Astral Swans are: Matthew Swann (vocals/guitar/bass), Jim Bryson (guitar/background vocals), Paul Chirka (keys), Brock Geiger (drums/guitar), and Laura Hickli (background vocals).
Buggie – “Currency” (Ohio, USA)
RIYL: lo-fi CHVRCHES, Marina, Melanie Martinez
If anyone tells you that all pop music sounds the same and addresses the same issues (and we are guilty of this), then suggest to them that they should open their ears and check out Buggie. The project of Gretchen King, the Ohio-based artist combines all of her multi-faceted skills (writer, poet, painter, illustrator, songwriter, and multi-instrumentalist) into what she calls “surreal pop”. It’s not just the music that sounds from the future, but her songwriting goes beyond the ordinary and expected. Like a philosopher and sociologist, she looks deep into our world and pointedly notes its shortcomings, which she cleverly does on “Currency”.

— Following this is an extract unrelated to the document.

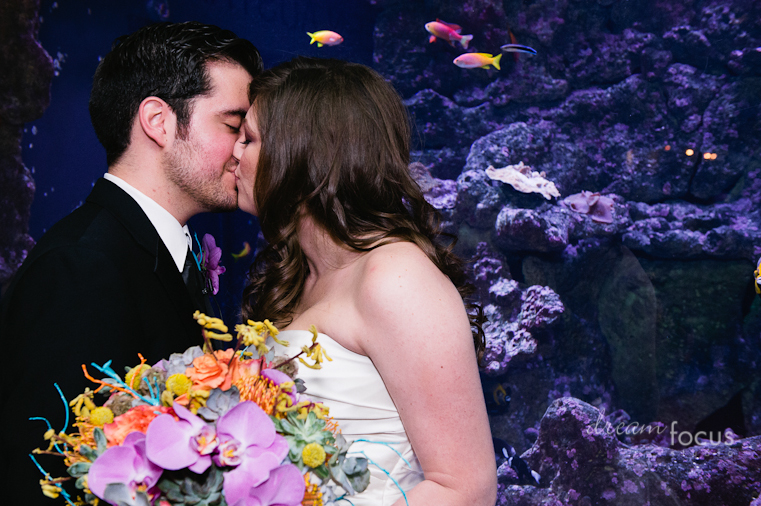 Dallas World Aquarium Weddings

Through a lo-fi synth-pop approach that sounds like CHVRCHES on the low down (and King’s voice has a touch of Lauren Mayberry), “Currency” is a light, fluttering tune that is akin to skipping in the park on sunny weekend. Her lyrics, though, aren’t as cheery nor warm. She, in a very gentle and diplomatic way, offers a critique of how one’s physical appearance and youth are still the “currency” by which people are judged and, thus, get ahead in this world. No matter how much we have tried to advance the idea of “meritocracy”, people are still more attracted to those who are considered beautiful. If this is the case, then, as she poignantly says, “Love is a transaction based on lies / We’ll only gain their interest in your currency / But there is more than meets the eye, don’t you see?”.

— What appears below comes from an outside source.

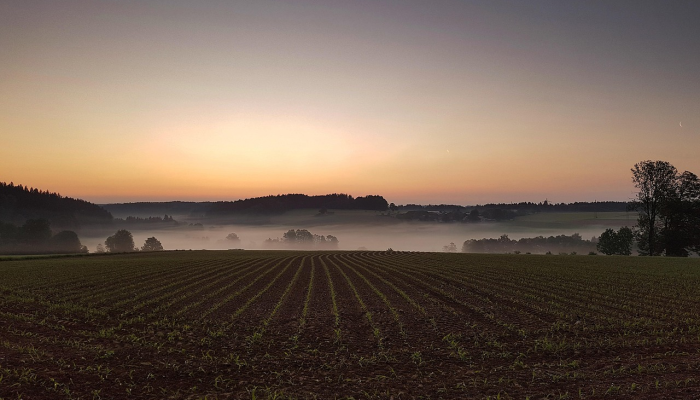 玩家辅助神器:“网易棋牌如何开挂”其实确实有挂 玩家辅助神器:“网易棋牌如何开挂”其实确实有挂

Hopefully, people open their eyes and ears to discover the many talents of this young artist. Check out her website to see the many things she does.
Bully – “Every Tradition” (Nashville, USA)
RIYL: Swearin’, Speedy Ortiz, Japandroids
For those of us who grew up in the ’90s, it’s odd to say that it’s refreshing to hear a song that makes you want to thrash around and momentarily lose your shit while absorbing every spoken word. And every day, we are thankful for Bully, who for nearly seven years have been blowing rock fans’ minds. The best band from Nashville unveiled last month what we had anticipated since the beginning of the year – Alicia Bognanno’s third album, Sugaregg will be released August 21st via Sub Pop. At the time, she shared the LP’s lead single, “Where To Start”, which was everything we longed to hear. Bognanno once again delivers the anthemic goods with “Every Tradition”
Raging and roaring, “Every Tradition” is a banger of the first order. Whether it’s Bognanno’s wailing guitar, the hammering bass,, or her fiery vocals, the track reverberates with the angst and desperation of the great grunge songs of the ’90s. And yet, it feels fresh and new. What makes Bully rise above the crop is Bognanno’s songwriting, as she rarely takes shortcuts. Songs are the pages on which she writes her memoires and thoughts of the world, and in this case she takes on society’s traditional values of what a woman ought to be. She doesn’t want to be a mother or the good wife, but instead wants to live her dreams. Although people say that she’ll change her mind as she gets older, she emphatically hollers that “nothing’s changed for me”. Hopefully nothing changes for Bullly because she’s delivering music that is liberating in its sound and message.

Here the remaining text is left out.